Now if were to review Statistics IO (see Fig #5) and execution plan details (see Fig #6), this is what we are going to see.
As you might notice, 93% of the query execution cost goes to a “mysterious” remote query. Needless to say, it will very hard to improve the query with that execution plan.
Solution (a way to make it perfect)
One of the easiest ways to fix performance problems with a Linked Server is to run it via OPENQUERY.
What is OPENQUERY? According to Microsoft, OPENQUERY executes the specified pass-through query on the specified linked server. This server is an OLE DB data source. OPENQUERY can be referenced in the FROM clause of a query as if it were a table name. OPENQUERY can also be referenced as the target table of an INSERT, UPDATE, or DELETE statement. This is subject to the capabilities of the OLE DB provider. Although the query may return multiple result sets, OPENQUERY returns only the first one. https://docs.microsoft.com/en-us/sql/t-sql/functions/openquery-transact-sql?view=sql-server-ver15
One of the main advantages of OPENQUERY is remote execution, meaning that the query is sent from the local server to remote server while having knowledge of those remote tables that are now local to the query. By the way, remote execution also enables the use of native syntax of the remote server, so you can take advantage of other RDBMS system’s performance tricks.
Here is how our original query will look like with an OPENQUERY (see Fig #7). It’s still using the same linked server, but it happens indirectly now with an OPENQUERY.
Now if were to review Statistics IO (see Fig #8) and execution plan details (see Fig #9), this is what we are going to see.

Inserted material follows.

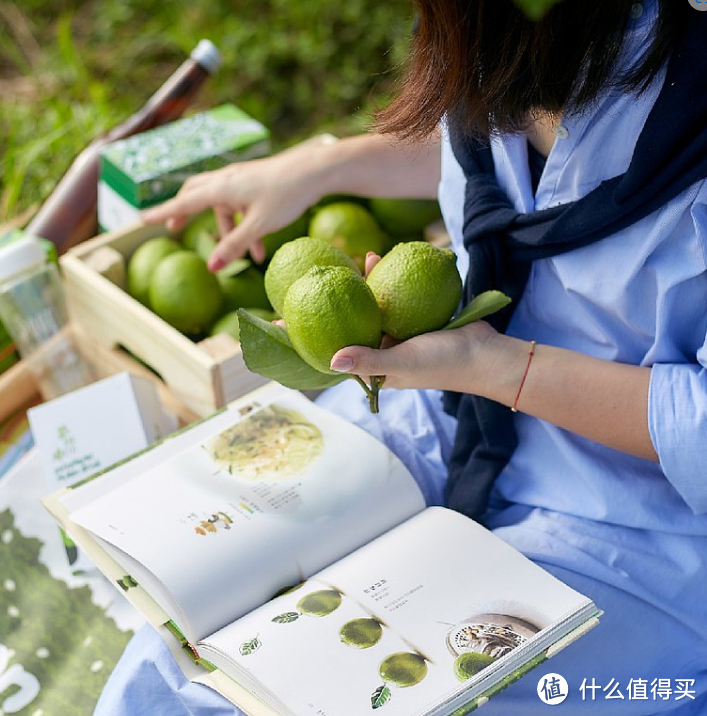 萃自然 存美好， 萃绿柠檬 果胶代谢酵素饮料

Let’s compare Statistics IO and execution plans to see the differences between direct query linked server usage vs. an OPENQUERT linked server.
The most noticeable differences are:
- WorkFile 0 scans/reads vs. 15/1064 in Statistics IO (see Fig #10)
- Remote Query 93% cost vs. most distributed cost in Execution Plan (see Fig #11) and appearance of Remote Scans.
The main reason why OPENQUERY will usually perform better is the knowledge of the table in terms of indexes and stats, knowledge that a direct linked server doesn’t have.
As you can see, we have managed to cut down the run-time from 22 seconds (using direct link server) down to 2 seconds (using OPENQUERY). Additionally, we can add indexes specific to the query to make OPENQUERY even faster.
Since nothing is certain in this life other than taxes and death, your mileage may vary (“YMMV”). Please test the before and after (preferably using DBCC FREEPROCCACHE) prior to deployment. In addition to tested query above that reduced run-time by 11 times, I also witnessed a drastic performance gain due to the use of OPENQUERY in one of the clients. Replacing all 3 direct linked server references, reduced run-time by 10 times, to just few seconds.
The only few caveats with OPENQUERY since it can’t accept parameters are the use of dynamic SQL and “fighting the quotes” – making sure to escape the single quotes that are internally used by a SQL Server to identify literal, i.e. text.